60ca7467122dfb718110d942c95ee1bf8cdece60 — Chris Vittal 1 year, 2 months ago 73f20d5
Add getopt post.
1 files changed, 107 insertions(+), 0 deletions(-)

A content/posts/2019-10-28_gnu-getopt-sucks.md
A content/posts/2019-10-28_gnu-getopt-sucks.md => content/posts/2019-10-28_gnu-getopt-sucks.md +107 -0
@@ 0,0 1,107 @@
title = "The Problem With GNU getopt; Or, On Standards"
draft = true

GNU `getopt(3)` is broken, the term that they would use is 'nonstandard', but
nonstandard interfaces make software less robust, less portable and less
maintainable. Generally speaking such interfaces are present to create vendor
lock-in.

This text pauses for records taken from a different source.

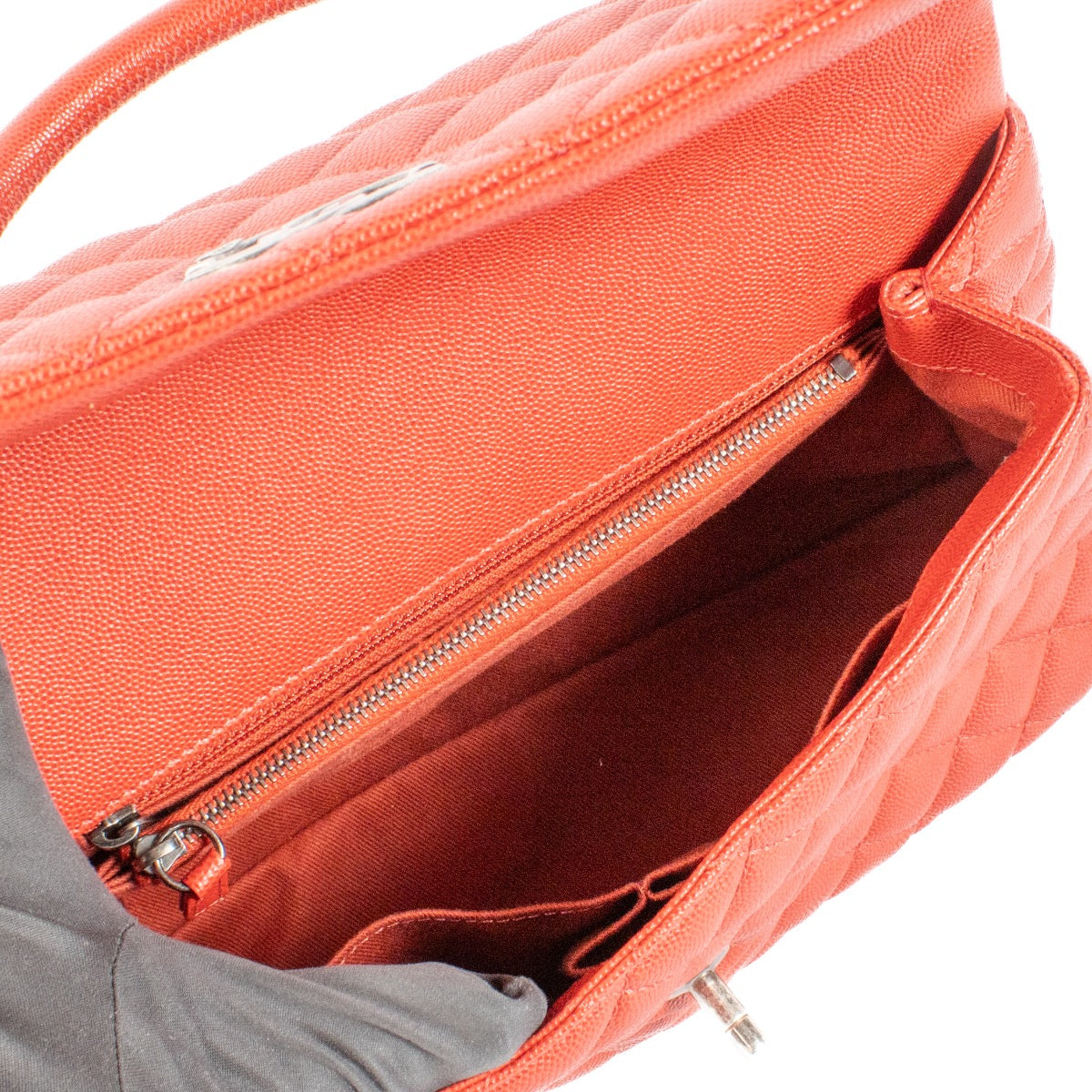 Shop safe online at Labellov in Antwerp, Brussels and Knokke this 100% authentic second hand designer Chanel Red Caviar Medium Coco Handle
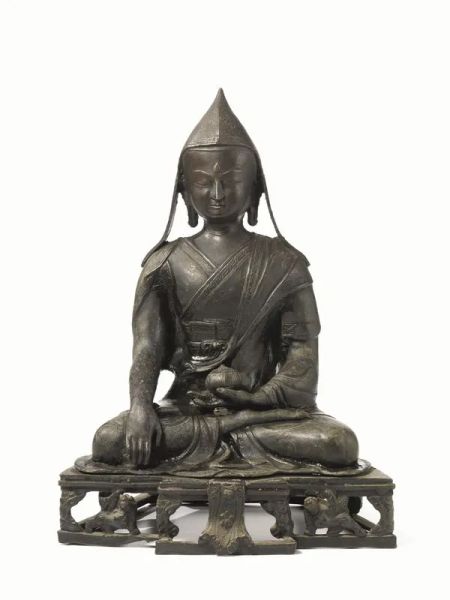  Scultura, di area tibetana sec. XVIII-XIX,  in bronzo raffigurante Buddha   assiso in padmasana, su grande base a plinto , nella mano destra reggente la coppa della medicina, la mano sinistra appoggiata  alt. cm 40
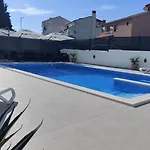 Pansiyon Viktor And 2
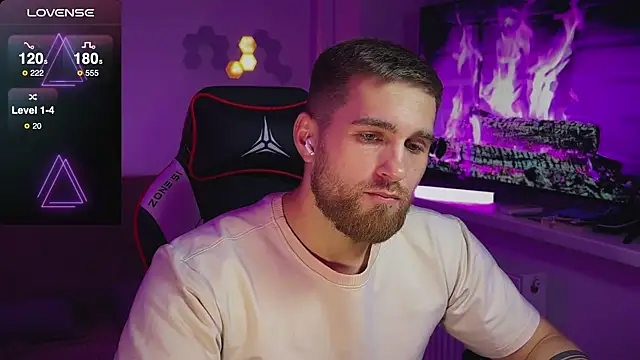 Snapshot of Sweeet__boy chatting on 11/22/25, 09:03 Sweeet boy online show from 11/22/25, 09:03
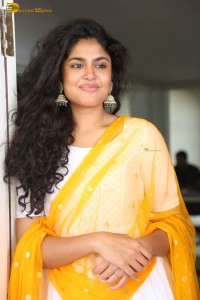 actress Faria Abdullah looking gorgeous in a white salwar kameez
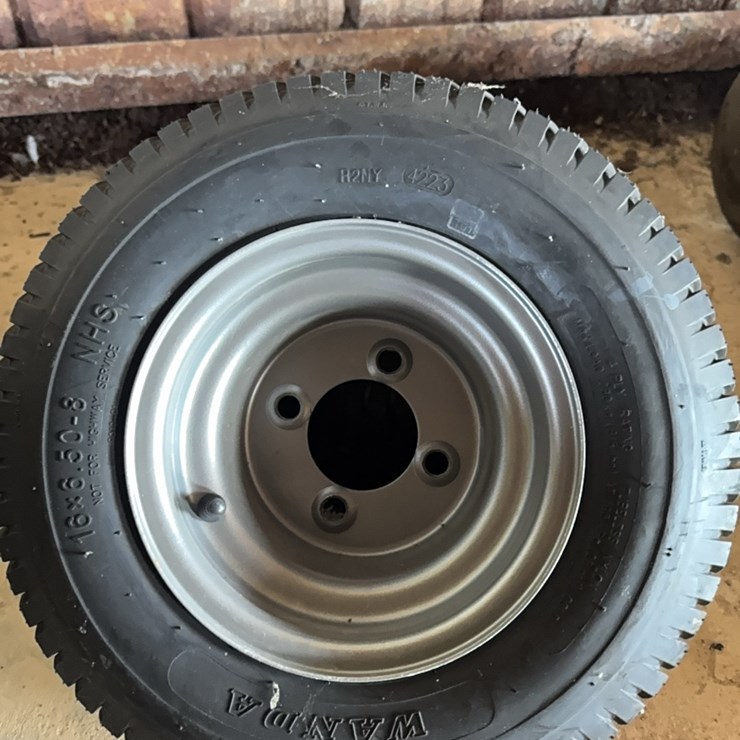 new Pair of 16x6.50-8 Tire With 4 Lug Wheel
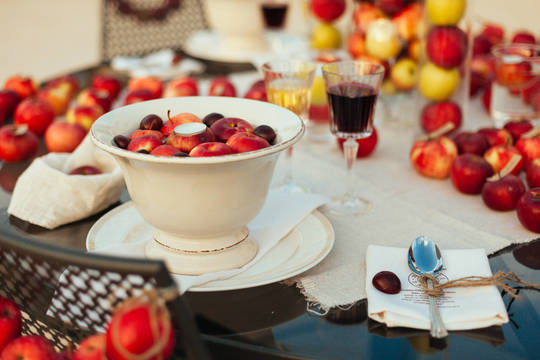 Šventėje - galimybė paskanauti ir vienuolių gaminto vyno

No matter how much GNU "respects your freedom" or allows you to do
anything with their software, they are still software vendors who are
incentivized to make it harder for us to use other versions of software. To be
clear, I prefer GNU's attempts at lock-in over proprietary lock-in, but the
consequences are often the same anyways, non-portable and fragile programs.

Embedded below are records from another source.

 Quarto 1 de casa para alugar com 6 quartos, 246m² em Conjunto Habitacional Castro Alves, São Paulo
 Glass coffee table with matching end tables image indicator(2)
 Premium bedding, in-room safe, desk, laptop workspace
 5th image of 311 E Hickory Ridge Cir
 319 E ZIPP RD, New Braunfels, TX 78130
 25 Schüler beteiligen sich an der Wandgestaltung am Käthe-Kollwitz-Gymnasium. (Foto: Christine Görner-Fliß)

The [`getopt(3)`](https://pubs.opengroup.org/onlinepubs/9699919799/functions/getopt.html)
function is a POSIX system interface implementing argument parsing according to
the [Utility Syntax Guidelines]. It's widely implemented across programming
languages as a sane way to handle command line options like the `-l` in `ls -l`.
Those guidelines require that POSIX conformant utilities place all their
options before their operands. A conformant `getopt` will stop parsing when the
first non-option value is encountered. Needless to say glibc's `getopt` is

[Utility Syntax Guidelines]: https://pubs.opengroup.org/onlinepubs/9699919799/basedefs/V1_chap12.html#tag_12_02

The glibc implementation of `getopt` does not conform to the Utility Syntax
Guidelines. In fact, when trying to write a command line C utility, it has some
_extremely surprising_ behavior. To illustrate, I present an example that I ran
into while implementing the `env(1)` command for **ctools**{{fn(id=1)}}.  Here,
`env` is linked to glibc:

$ cat /dev/urandom | base64 | env -i PATH=/usr/bin head -n 15
env: invalid option -- 'n'
env [-i] [name=value]... [utility [argument...]]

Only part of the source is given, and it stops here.